Donnie Darko

Year: 2001
Production Co: Pandora Cinema/Flower Films
Director: Richard Kelly
Producer: Drew Barrymore
Writer: Richard Kelly
Cast: Jake Gyllenhaal, Jena Malone, Maggie Gyllenhaal, Mary McDonnell, James Duval, Patrick Swayze, Noah Wyle, Drew Barrymore, Seth Rogen, Katharine Ross

Since I watched this on DVD not long after it came out it's always bothered me that I didn't like it when so many others seem to consider it such a classic.

So now, almost a decade later in 2010, I've finally watched it again. And like I did with Unbreakable, I have to remind myself how the life of a film can shift and evolve in one's mind. I didn't like that film either until I put myself in a different frame of mind to receive it (after hearing Quentin Tarantino describe it as a movie about Superman if he didn't know who he was).

Since first seeing Donnie Darko I'd read a lot about how the backers toned down the sci-fi element because they wanted the retro 80s love story and characters to be the focus. Consequently the cinema release had almost nothing about the old woman and former science teacher (that made sense) or the book she wrote about time travel.

It was just the story of a lonely, depressed kid (Gyllenhaal in his breakout role) embarking on a tentative relationship with new girl in town Gretchen (Malone), a motivational speaker with a dark secret (Swayze) and a dedicated teacher trying to hold it together (Barrymore, who bankrolled it).

Some of the sci-fi trappings they did leave in (like the long, Abyss-like snakes of supercharged air extending from the characters chests) ended up nonsensical and ridiculous, with no context in the rest of the story. They were the anchors missing the premise they were supposed to be holding together.

But now I've seen it the way Kelly intended, with the entire time travel theory undercurrent, I can finally see the brilliance. With the mythology of Grandma Death's theories of time travel and the figures that enable it like the Manipulated Living, the Manipulated Dead, etc, everything from Gretchen (Malone) to Frank the bunny (Duval) makes sense instead of – in the latter case – just being cool visuals.

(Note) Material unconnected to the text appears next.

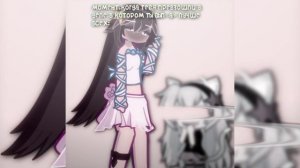 Сегодня на грусном:(((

In fact, the more cohesive story gives Kelly's dark, imaginative visuals much more emotional heft. Scenes like the one of Donnie tapping the knife against the bedroom mirror are scarily, moodily lit, the ominous sound effects completing the sense of menace and drawing you right in.

I'm sure if you sat down and plotted everything from the appearance of the plane engine to the reveal about Frank's origins you'd find holes like you would any time travel story. But like Primer, you have a good sense the pieces work.

The plot (if you don't know) is as simple as it is endlessly complex. It's the late 80s, and when a plane loses its engine mid-flight it falls through a sort of portal into the past, landing in the bedroom of troubled teen Donnie. Donnie isn't in his room at the time, because a phantom voice has called him out to the backyard, a mysterious figure in a bunny costume that has the face of an evil demon. The bunny's whispered voice tells Donnie the world will end in 28 days.

What you don't know is that Donnie should have been in his room. That he wasn't is both the cause and effect of the rift in time that saves him, creating an alternate reality that will destroy the world unless he can undo it in time and put things back to rights. The theatrical version didn't even hint at such a protagonist's journey.

It would have been a cool enough time travel story in itself, but Kelly's such a great visualist he puts it in a unique and realistic period setting rather than jokey, slapstick 80s of Hot Tub Time Machine, and he has a solid grasp on the dark and moody.